| WHAT IS REQUIRED |
Please write out the whole listing that follows exactly; the pictures stay out.

| SOURCE DATA |
++++

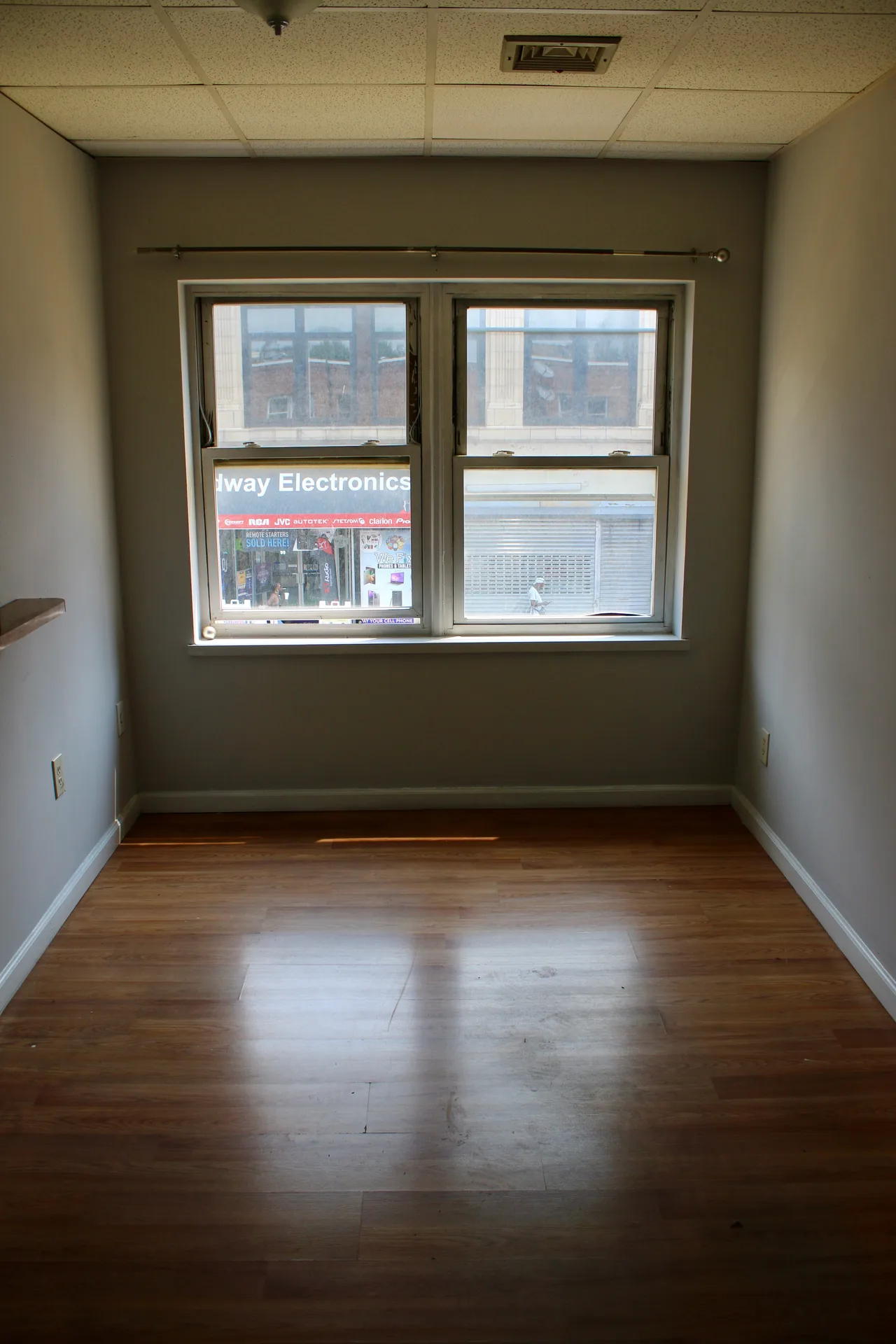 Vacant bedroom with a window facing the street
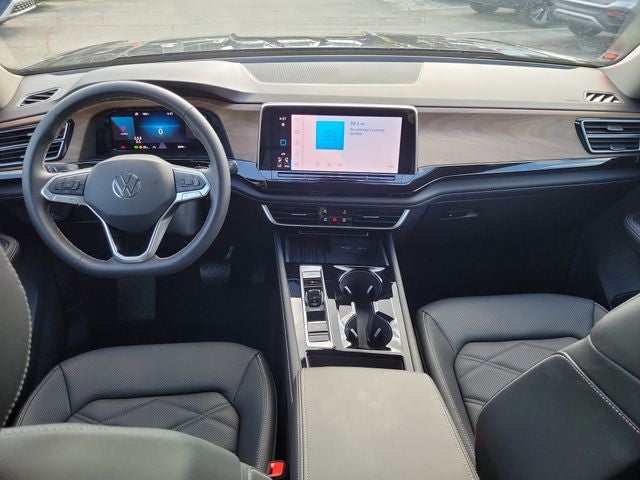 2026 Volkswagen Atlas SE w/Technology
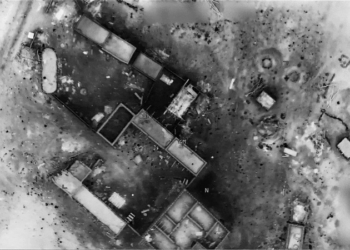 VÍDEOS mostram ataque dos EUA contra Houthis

++++

| RESULT OF THIS TASK |
 Vacant bedroom with a window facing the street
 2026 Volkswagen Atlas SE w/Technology
 VÍDEOS mostram ataque dos EUA contra Houthis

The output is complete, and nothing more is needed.